■ **Try it**
Keep the pictures out while you transcribe the listing below exactly.

↓

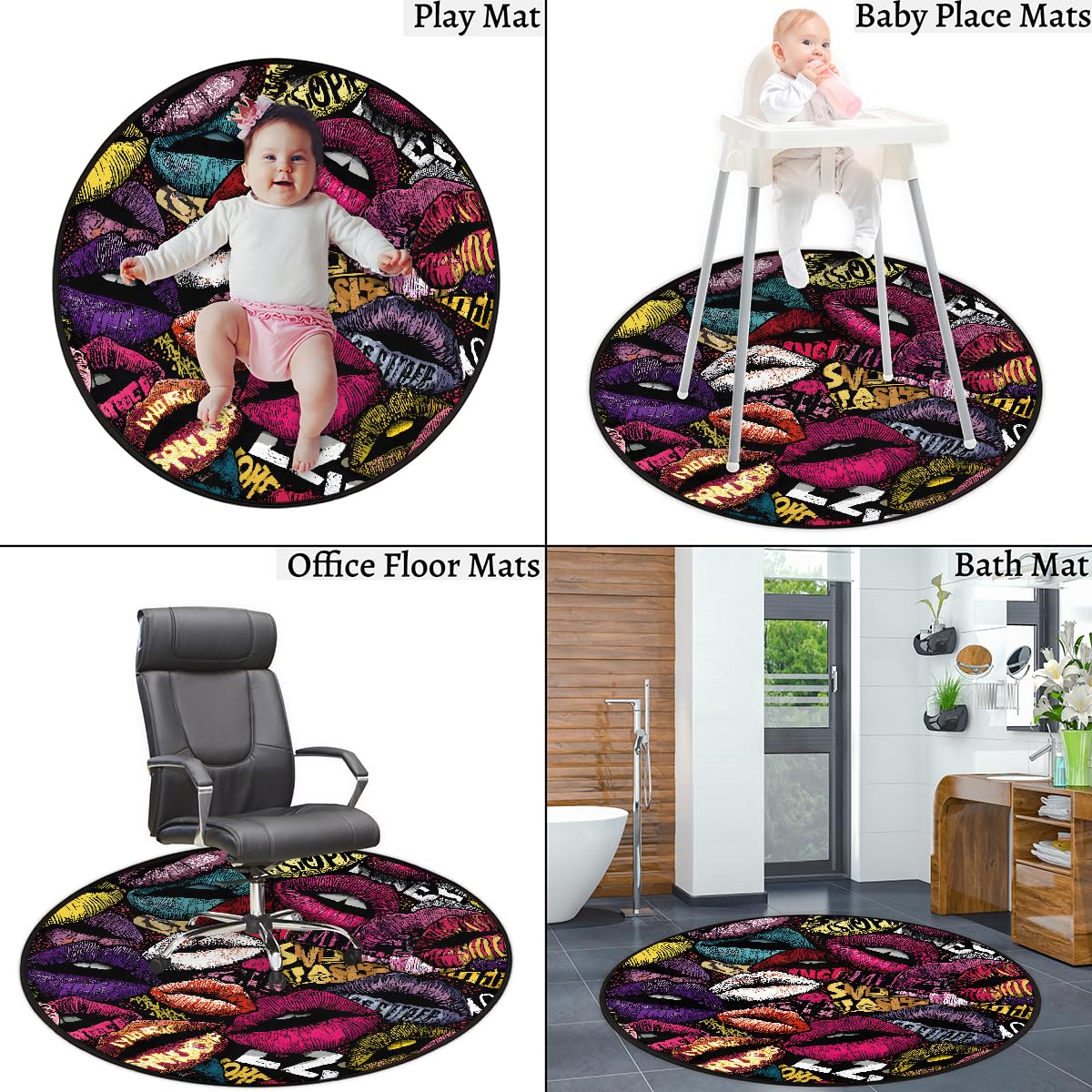 3 Ft Colorful Lips Round Rug Circle Area Rugs Circular Door Mat for Indoor (Color31 / 3'3" (Round))
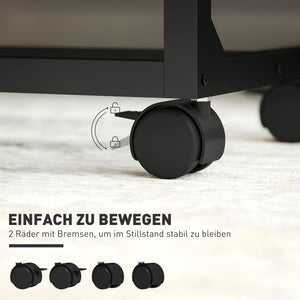 Laptoptisch Beistelltisch Schreibtisch Nachttisch höhenverstellbar mit Rollen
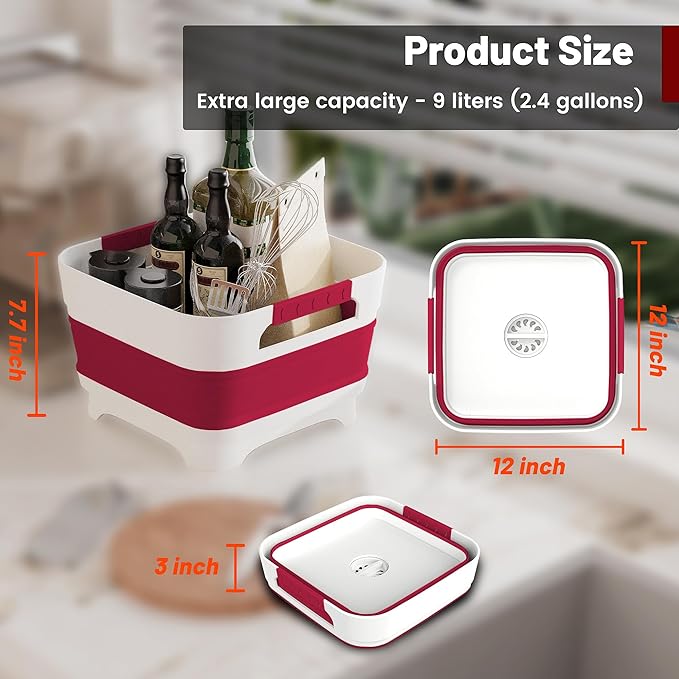 2.4 Gal Collapsbile Wash Basin with Drian Plug,9L Dish Pan for Soaking Baby Bottles,Portable Sink, Multiuse Foldable Bucket,Ice Beverage Tubs for Camping, Vegetable Washing, RV (Viva Magenta)-NeatNest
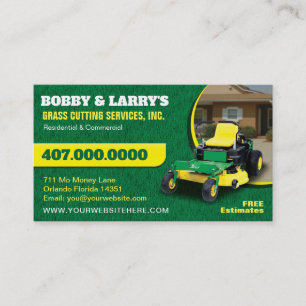 Landscaping Lawn Care Mower Business Card Template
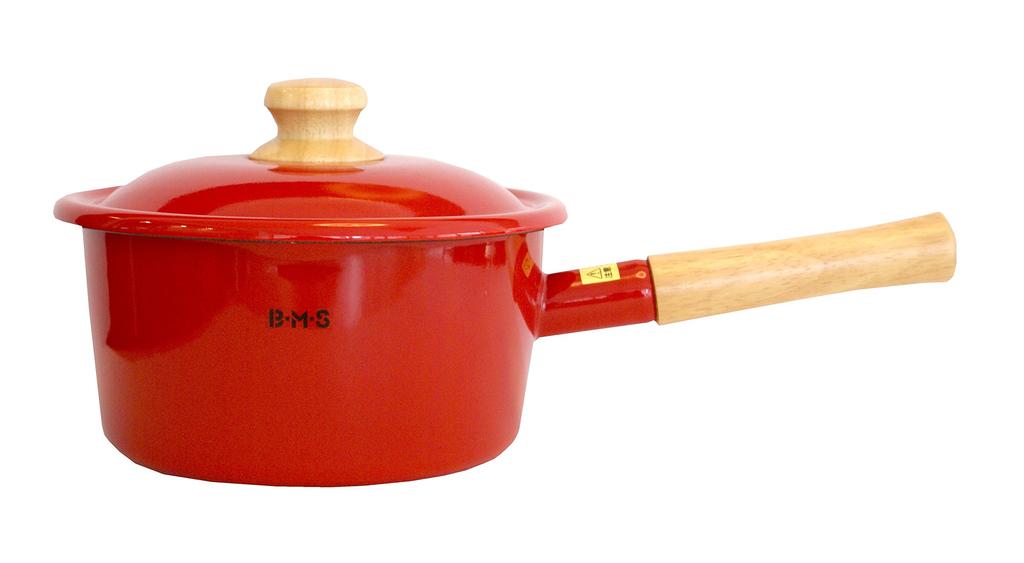 Fuji Enamel Beams Simple 18cm Saucepan Red BMS-18SD R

↑

■ **Result of the task**
 3 Ft Colorful Lips Round Rug Circle Area Rugs Circular Door Mat for Indoor (Color31 / 3'3" (Round))
 Laptoptisch Beistelltisch Schreibtisch Nachttisch höhenverstellbar mit Rollen
 2.4 Gal Collapsbile Wash Basin with Drian Plug,9L Dish Pan for Soaking Baby Bottles,Portable Sink, Multiuse Foldable Bucket,Ice Beverage Tubs for Camping, Vegetable Washing, RV (Viva Magenta)-NeatNest
 Landscaping Lawn Care Mower Business Card Template
 Fuji Enamel Beams Simple 18cm Saucepan Red BMS-18SD R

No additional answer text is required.